知床の最大の見どころのひとつが、このカムイワッカ湯の滝です。
ここに来なければ、ここを見なければ、知床を見たことにならないと言っても過言ではないでしょう。
知床に足を踏み入れた三日目の七月十七日のことでした。
前夜、斜里町の宇登呂にある民宿「知床荘」に泊まり、蟹までおまけに付いた美味しい夕食と温泉に入り、久しぶりにリラックスできました。
この分だと、「いいことあるのかなあ」と、知床岬に行く計画を立てました。
前日、お話したように、知床岬に行くには、道がないので、船でいくしかありません。観光船の「オーロラ号」が6000円、クルーザーを出す所が4、5軒あり、いずれも8000円で、午前10時出発でした。
「オーロラ号」に乗ろうと、余裕で、9時20分頃、乗船券売り場に着きました。何と、それでも満員でした。仕方がないので、ちょっと高いクルーザーにしました。すると、どこもかしこも満員。この日が日曜日だということを忘れていました。「オーロラ号ですら満員ですから」と言われてしまいました。仕方がないので、翌日のクルーザーの乗船を予約して、予定を変更して、カムイワッカ湯の滝に行くことにしました。本当は、最終日の明日に取っておくつもりだったのですが…。

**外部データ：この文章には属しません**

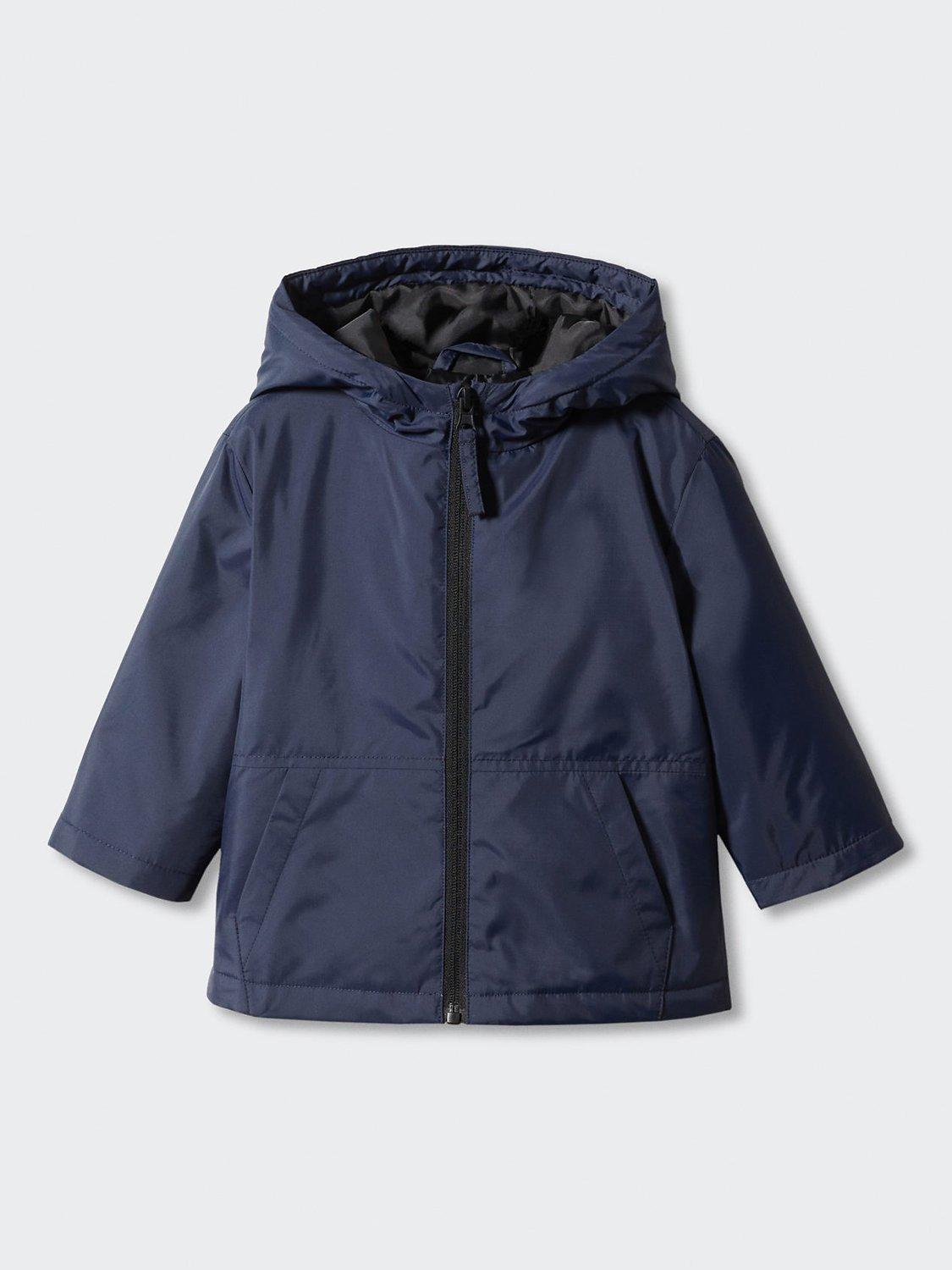 Mango Baby Pepelu Hooded Coat, Navy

カムイワッカの湯の滝とは、またまた、ガイドマップによると、湧き出した温泉が流れ込んでいる川で、上流に行くほど水温が高くなります。遊歩道が整備されていないので、沢伝いに30分ほど登ると、滝壺があり、天然の露天風呂になっていますーといった所です。
ここまで行くには、夏場(7月中旬から9月中旬まで)はバスでしか行けません。知床自然センターから50分くらい掛かります。
カムイワッカの湯の滝に行くには、事前に準備が必要です。まず、上記の露天風呂に入りたい人は、水着が必要です。そして、何と言っても、歩くのに滑り止めが付いた靴下が要ります。知床自然センターで840円で売っていました。草鞋も売ってましたが、とにかく、普通の靴で滑ってしまい、無理です。裸足だと、ごつごつした岩がちょっと痛いです。
とにかく、ゆるゆると温泉が流れる岩場の斜面を登って行くのです。
そして、30分くらいで滝壺に到着するのです。ここが、まあ、終点です。用意のいい人はやはり水着を持っていて入っていました。皆、成人で、子供や老人はいませんでした。ここまで来るのに体力が追いついてくれないからです。「秘境」にしては、多くの観光客と一緒に、ついに知床を征服したような錯覚を味わうことができました。